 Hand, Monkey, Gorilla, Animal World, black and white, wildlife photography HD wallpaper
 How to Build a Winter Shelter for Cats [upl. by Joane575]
• • • • • • •
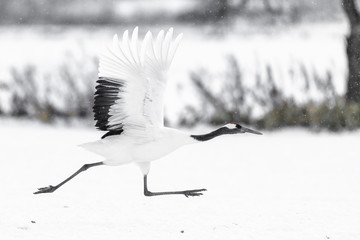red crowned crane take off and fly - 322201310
• • • • • • •
Exercise instructions: Only the lines above starting at the line that holds "Hand, Monkey, Gorilla, Animal" and ending at the line that holds "How to Build" are to be repeated, exactly and in full.

Answer box:
 Hand, Monkey, Gorilla, Animal World, black and white, wildlife photography HD wallpaper
 How to Build a Winter Shelter for Cats [upl. by Joane575]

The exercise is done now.